The Texas Child Protective Services is under investigation for accusations that officials at the organization directed workers to withhold child abuse files and photographs from law enforcement following the death of a child. Police executed several search warrants and seized computers, cell phones, and files from the local office of the state child protection agency and a supervisor’s home as part of an ongoing investigation.
Chron reports, “The rare action against one of the state’s largest agencies comes six weeks after Abilene police discovered 22-month-old Tamryn Klapheke dead of dehydration and her two sisters barely alive inside a Dyess Air Force base home on August 28.”
The three children are believed to have been abandoned by their mother, Tiffany Klapheke, who is now in jail on three counts of child abuse.

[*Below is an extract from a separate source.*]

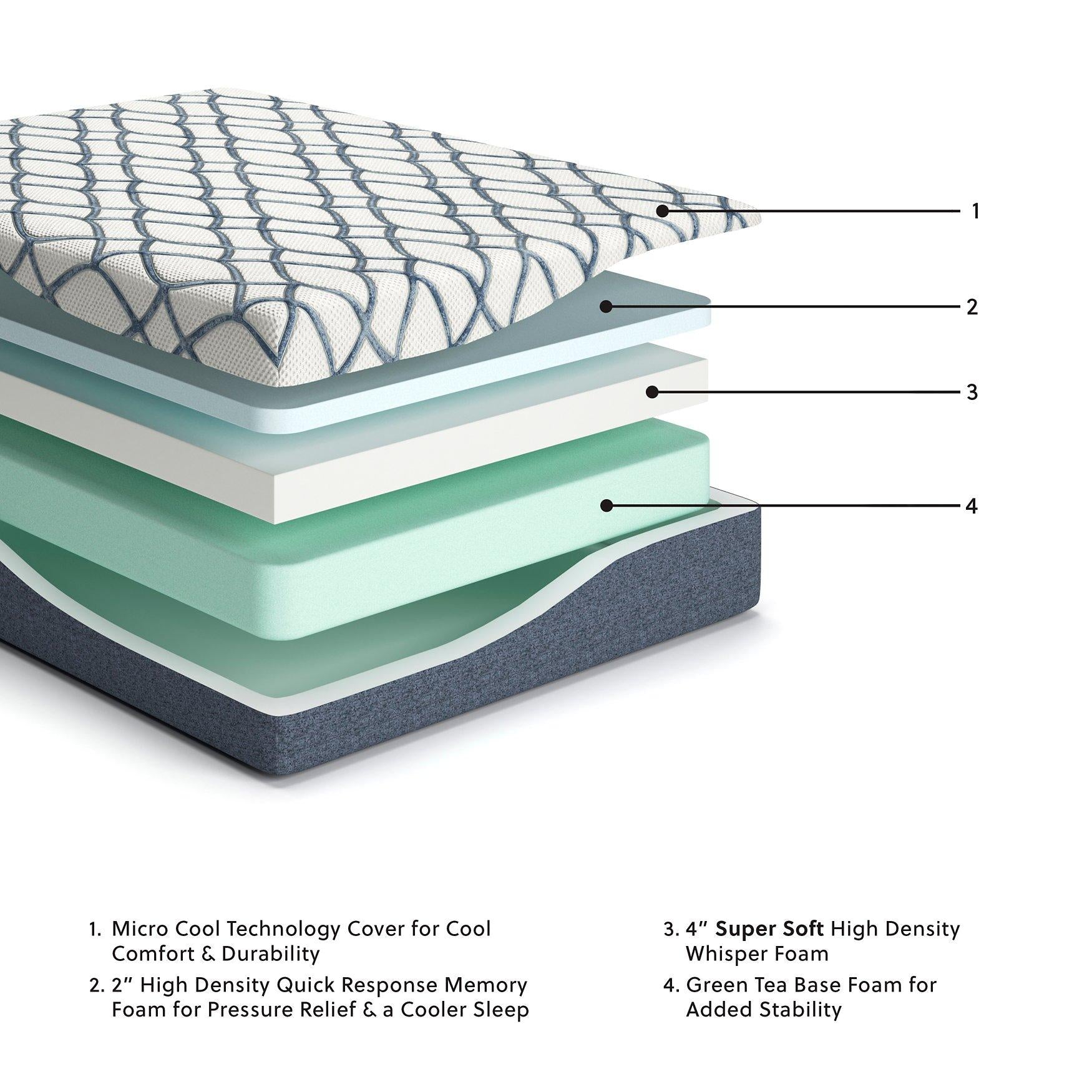 12 Inch Chime Elite 2.0 Mattress - Luxury Home Furniture (MI)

The Huffington Post reported at the time of the arrest, “Her toddler suffered from dehydration and malnutrition from a lack of basic care over a period of time, according to the preliminary autopsy report from the Tarrant County Medical Examiner’s Office in Fort Worth.”
That same report showed that the toddler was severely underweight, weighing just 17.5 pounts, and was found to have chemical burns, revealing that the child was exposed to human waste.

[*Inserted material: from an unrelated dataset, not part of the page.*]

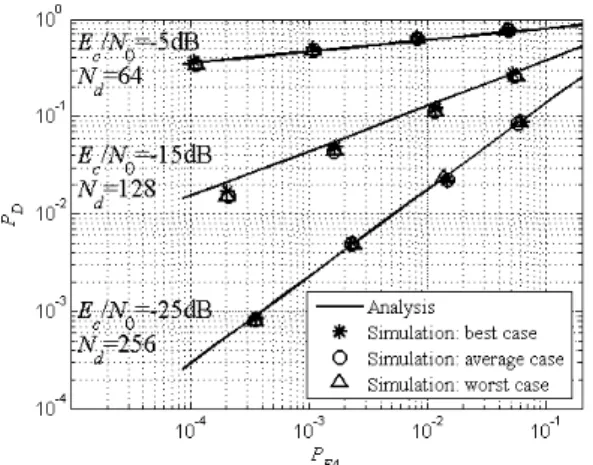 Fig.  2.  Detection  versus  the  false  alarm  probabilities  for  the  proposed  system  for       with  a  uniform  multipath  intensity  profile,      and       .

The other two children, aged 3 years and 6 months old, were treated for severe neglect at a children’s hospital in Fort Worth, where they were placed in intensive care.
In an interview from jail, Klapheke told Abilene's KTAB-TV that she understands she was being an unfit mother but "I didn't put them first anymore." She indicates that her husband’s deployment left her ill-equipped to handle three children on her own.
Klapheke moved to Texas with her husband years ago and had no relatives in the area. She claimed that she was stressed and had no help. She also said she tried committing suicide three weeks ago but a friend stopped her.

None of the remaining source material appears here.